ドナルド・トランプ氏がその座を射止めた米国の大統領は「世界最強の軍隊」の最高司令官であり、事実上、世界の最高権力者といっていい。それでも、「米国の憲法では大統領が、『独裁者』にはなれない仕組みを作っている」(中岡望・東洋英和女学院大学大学院客員教授)のである。
議会と大統領と最高裁判所が厳密な三権分立の制度を取る米国では、大統領に予算提出権も法案提出権もない。必要な法案や予算は「教書」として示し、議会に作ってもらわなければならない。
しかも、米国の議員には法案の採決の際、日本のように所属政党の方針に従わせる「党議拘束」の慣例がない。そのため、共和党の議員がトランプ大統領の成立させたい法案や予算案に反対する事態は十分起こりうる。だからホワイトハウスは、法案ごとに共和党と民主党の議員たちを説得に回る。
大統領による閣僚の任命も上院の同意が必要だ。前出の中岡氏は米国の大統領の権限をこう整理する。
「米国では建国当時から独裁者的な大統領をつくらないことを出発点に国の制度を定めてきた。まず、大統領単独の判断で戦争はできません。あくまで権利は議会にあり、大統領は議会の承認を得て初めて宣戦布告できる。条約の締結も議会の権限。従ってTPP(環太平洋連携協定)を通すには議会の承認がいる。

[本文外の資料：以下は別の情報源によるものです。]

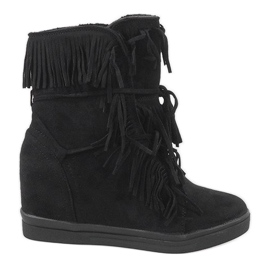 Baskets isolées noires H6301AR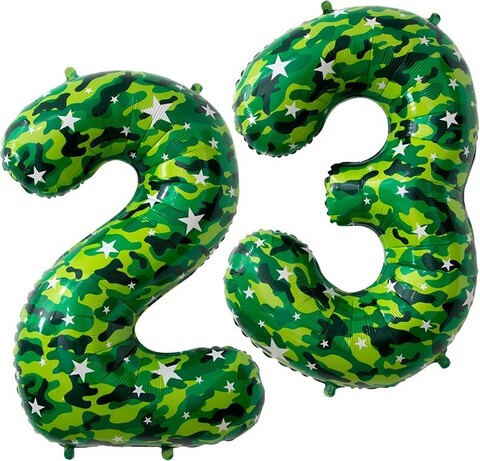 Цифры гелиевые 23 Камуфляж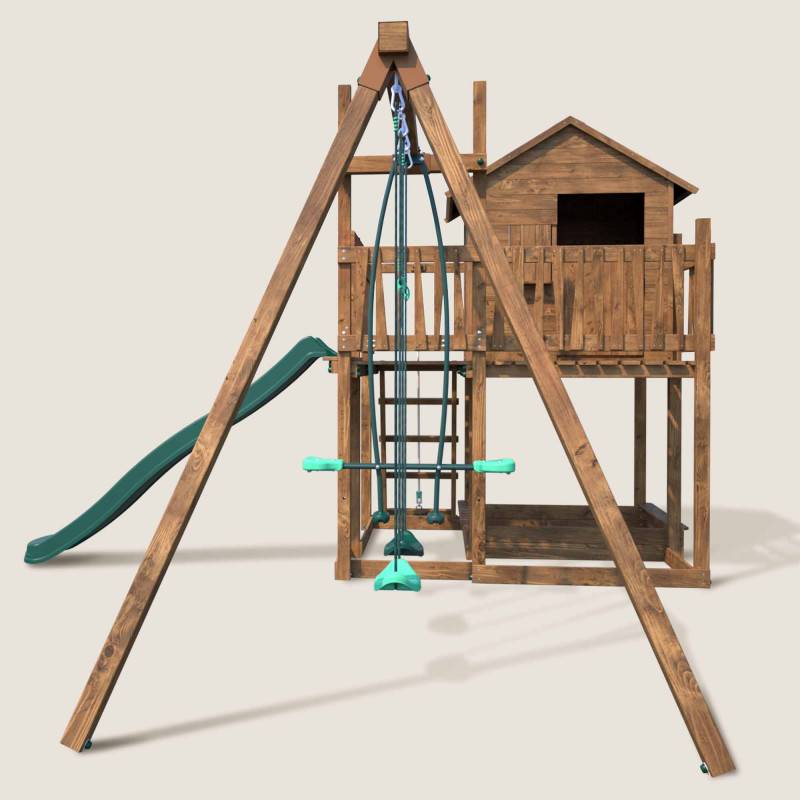 Soulet - Aire de jeux pour enfant maisonnette avec portique - COTTAGE - Image 9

ただ、トランプ氏が公約したように議会に承認されていないTPPからの脱退は大統領判断でできるでしょう。また、メキシコ国境の壁建設も国家予算を動かすなら議会の承認が必要で、大統領の独断ではできません。建設費を全額メキシコ政府が負担するなら可能かもしれませんが」
トランプ氏が共和党全国委員長のラインス・プリーバス氏を首席補佐官に起用したことにも、大統領といえども強力な権限を持つ議会を敵に回せば国家の運営ができないという判断がある。国内での権力という面では、議院内閣制の下、与党が衆参で圧倒的な数を握って予算も法案も思うように成立させられる現在の安倍晋三・首相の方が強いほどだ。